Prima degli accordi, alcuni di voi hanno fatto un giro nei campi guerriglieri. Qual è la situazione?

Alcune e alcuni di noi che abbiamo fatto parte della Delegazione dell’Avana siamo andati in Colombia a piccoli gruppi per fare quella che abbiamo chiamato “pedagogia di pace”, ossia la spiegazione di tutti gli accordi raggiunti a tutte e tutti i componenti delle Farc-Ep. C’è molta aspettativa e molta fiducia per le decisioni prese all’Avana, i guerriglieri sono convinti che la cosa migliore per il paese e per tutti noi è che questa guerra di tanti anni alla fine si concluda e che si eliminino le cause che l’hanno prodotta.

Quali sono i punti più importanti raggiunti dal dialogo riguardo ai cambiamenti strutturali necessari in Colombia?

Ogni punto concordato rappresenta un passo importanto verso un cambiamento fondamentale nella distribuzione, uso e accesso alla terra e per la partecipazione nelle decisioni politiche del paese. Per esempio, al punto 1, Riforma Rurale Integrale si è deciso di creare un fondo Nazionale delle Terre per ridistribuirle in modo equo e gratuito e per garantire che coloro che non hanno mai avuto niente possano accedere in maniera prioritaria al Fondo, ponendo in questo modo fine a una delle principali cause che hanno scatenato il conflitto armato in Colombia. Il punto 2 contempla tutto quel che ha a che vedere con le garanzie necessarie per la partecipazione politica, specialmente di quelli che storicamente ne sono stati esclusi e quelli che fanno opposizione al regime conservatore e oligarca. E così altri punti come quello sulle vittime. L’Agenda nel suo complesso implica cambiamenti strutturali per la Colombia.
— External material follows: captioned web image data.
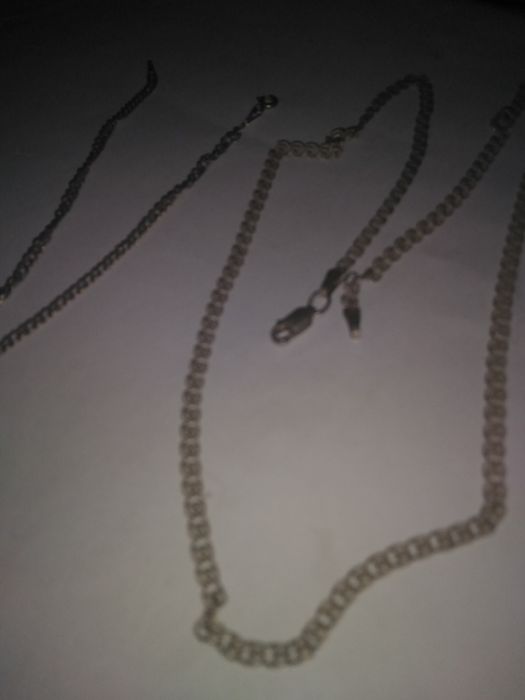 Медицинское золото.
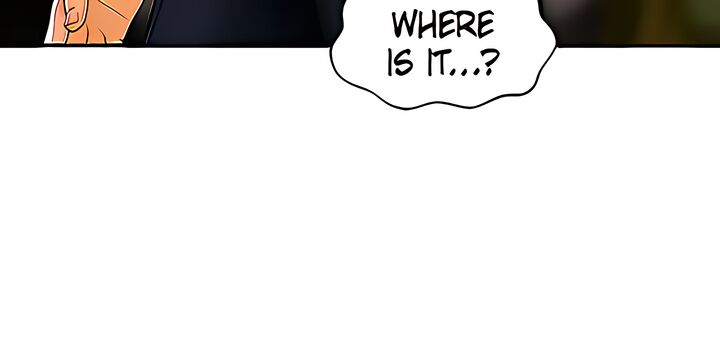 You’re so Handsome - Chapter 89 Page 40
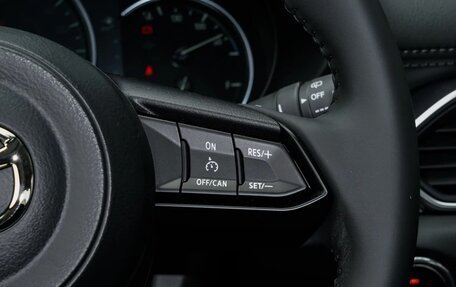 Mazda CX-5 II, 2026 год, 2 650 000 рублей, 30 фотография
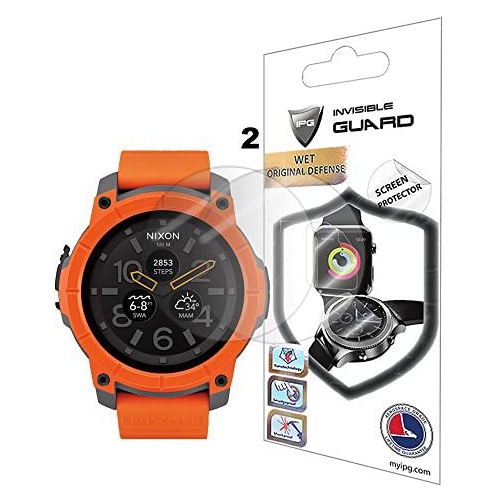 nixon mission best buy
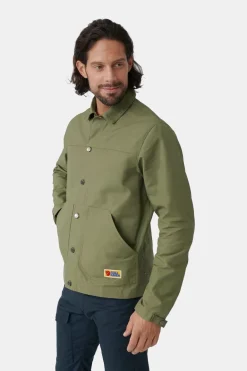 Fjällräven Vardag Jas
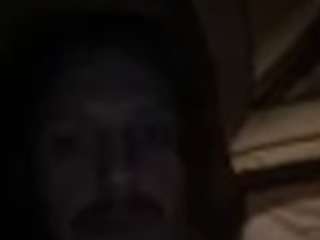 bigxredstreams webcam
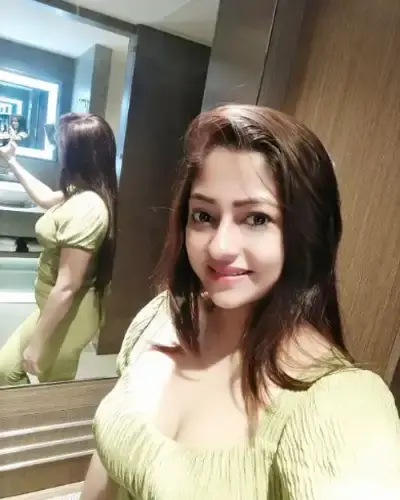 Magadi Call Girls Service
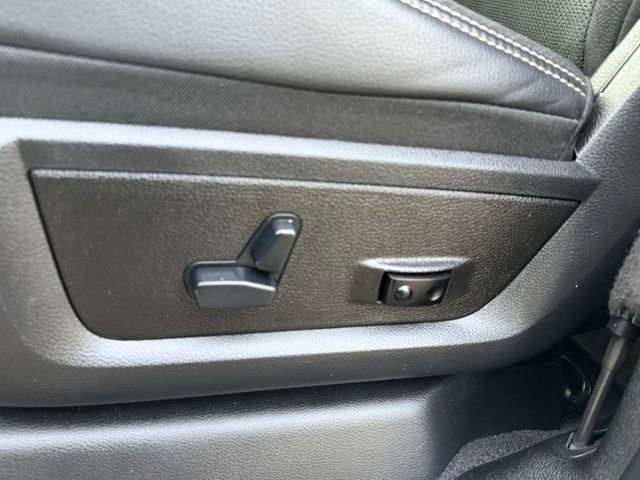 Used 2020 RAM 2500 Power Wagon image 15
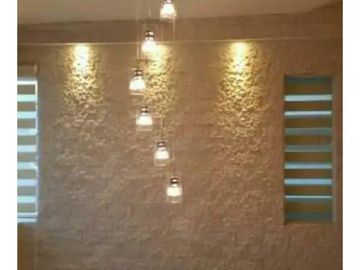 Sangolqui, Casa en  Renta, 600m2, 3 Habitaciones.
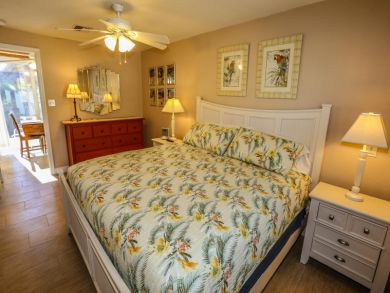 Fort Myers Home 919604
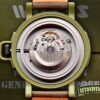 Watch for historic vehicle collectors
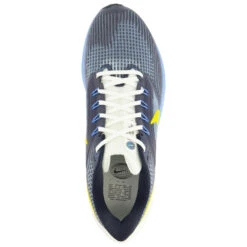 Nike Air Zoom Pegasus 39 PRM - Running Shoes -Sports Shoes Store nike air zoom pegasus 39 prm running shoes detail 8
Qual è, nel concreto degli accordi, l’importanza del punto di vista di genere?

L’ottica di genere sull’insieme degli accordi garantisce che le donne e le persone con identità sessuale diversa non solo non vengano discriminate nell’accesso ai diritti fondamentali, ma abbiano la garanzia di azioni effettive per diminuire la forbice dalla disuguaglianza. E’ un guadagno per tutte le donne, ex combattenti, vittime, contadine, quelle che hanno sofferto di più per gli orrori della guerra.

Santos conclude gli accordi, ma continua a reprimere e a privatizzare. Quale speranza c’è di vedere un’alternativa in Colombia e quale sarà il programma delle Farc?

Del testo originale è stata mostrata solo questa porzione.